Visits to U.S. national parks set a record in 2016 for the third consecutive year as landmarks such Zion, Yellowstone and Rocky Mountain experienced historic levels of popularity that brought collateral headaches stemming from overcrowded roads and trails and increasing visitor misbehaviour.

At many parks, visitors waited an hour or more in cars to get through entrance gates and then spent the day trying to outmanoeuvr fellow visitors for parking spots and room on popular trails. They left behind enormous amounts of trash and sometimes, human waste.

Encountering a crowded, Disneyland-like situation when people were expecting peaceful serenity can lead to aggression and bad decisions, park officials said.

"The level of frustration, we've certainly seen an increase in that," said Kyle Patterson, Rocky Mountain National park spokeswoman. "Sometimes they take it out on each other and sometimes they take it out on park.

It created a good news-bad news story for park managers. They praise the increased interest but are struggling to preserve iconic mountains, slot canyons and wildlife habitat for future generations. The National Park Service budget has remained basically the flat, leaving parks to grapple with the problems without higher staffing levels.

"We love having people come to the park," said John Marciano, Zion National Park spokesman. "But our No. 1 goal, our mandate, is to preserve the park into perpetuity and to ensure our visitors have a best of kind and safe experience."

Overall visitation to national parks is on track to surpass 325 million in 2016, breaking the all-time high of 307 million set in 2015, federal figures show.

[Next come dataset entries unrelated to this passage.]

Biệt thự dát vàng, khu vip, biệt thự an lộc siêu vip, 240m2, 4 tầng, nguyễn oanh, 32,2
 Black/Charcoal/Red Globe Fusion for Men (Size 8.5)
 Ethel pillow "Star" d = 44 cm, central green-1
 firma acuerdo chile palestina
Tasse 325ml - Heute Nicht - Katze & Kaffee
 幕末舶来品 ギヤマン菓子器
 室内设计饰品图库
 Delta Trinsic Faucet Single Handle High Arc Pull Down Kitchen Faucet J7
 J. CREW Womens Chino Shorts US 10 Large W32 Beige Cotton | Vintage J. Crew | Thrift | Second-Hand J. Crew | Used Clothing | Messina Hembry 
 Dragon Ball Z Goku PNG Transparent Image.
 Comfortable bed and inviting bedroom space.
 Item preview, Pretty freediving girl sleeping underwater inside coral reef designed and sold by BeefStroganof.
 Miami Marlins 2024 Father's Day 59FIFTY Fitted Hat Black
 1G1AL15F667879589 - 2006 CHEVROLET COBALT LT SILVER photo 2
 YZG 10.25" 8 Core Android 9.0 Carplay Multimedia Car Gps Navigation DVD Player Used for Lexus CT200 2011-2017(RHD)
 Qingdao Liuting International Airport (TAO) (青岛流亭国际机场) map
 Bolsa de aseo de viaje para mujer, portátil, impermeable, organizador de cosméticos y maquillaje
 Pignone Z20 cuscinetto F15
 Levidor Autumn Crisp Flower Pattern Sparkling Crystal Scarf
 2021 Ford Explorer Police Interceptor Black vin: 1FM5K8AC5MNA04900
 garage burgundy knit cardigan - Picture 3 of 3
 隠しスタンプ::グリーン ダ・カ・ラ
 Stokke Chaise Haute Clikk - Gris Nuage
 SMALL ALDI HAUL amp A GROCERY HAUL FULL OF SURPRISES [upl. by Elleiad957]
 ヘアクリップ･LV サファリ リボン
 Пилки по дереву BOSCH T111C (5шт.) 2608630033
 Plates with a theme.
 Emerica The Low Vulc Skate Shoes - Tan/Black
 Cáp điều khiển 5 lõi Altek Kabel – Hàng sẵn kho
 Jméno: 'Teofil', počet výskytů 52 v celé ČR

The record-breaking three-year stretch came after parks visitation ebbed and flowed between 255-287 million for nearly three decades.

The National Park Service launched a major marketing campaign to celebrate its 100th birthday in 2016, including free passes for every fourth-grader and their families. That renewed attention coupled with reasonable gas prices and an improved economy likely fueled the increase, said National Parks Service spokesman Jeffrey Olson.

The agency's "Find Your park " campaign will continue this year and officials expect to surpass 300 million visitors again even if there's no record, Olson said.

Absent December totals, the Grand Canyon in northern Arizona hit 5.9 million visits. Yellowstone, which stretches into Wyoming, Montana and Idaho, had 4.3 million visits.

The final year tally for Rocky Mountain in Colorado was 4.5 million. Zion in southern Utah had 4.3 million visitors — nearly double the 2010 total.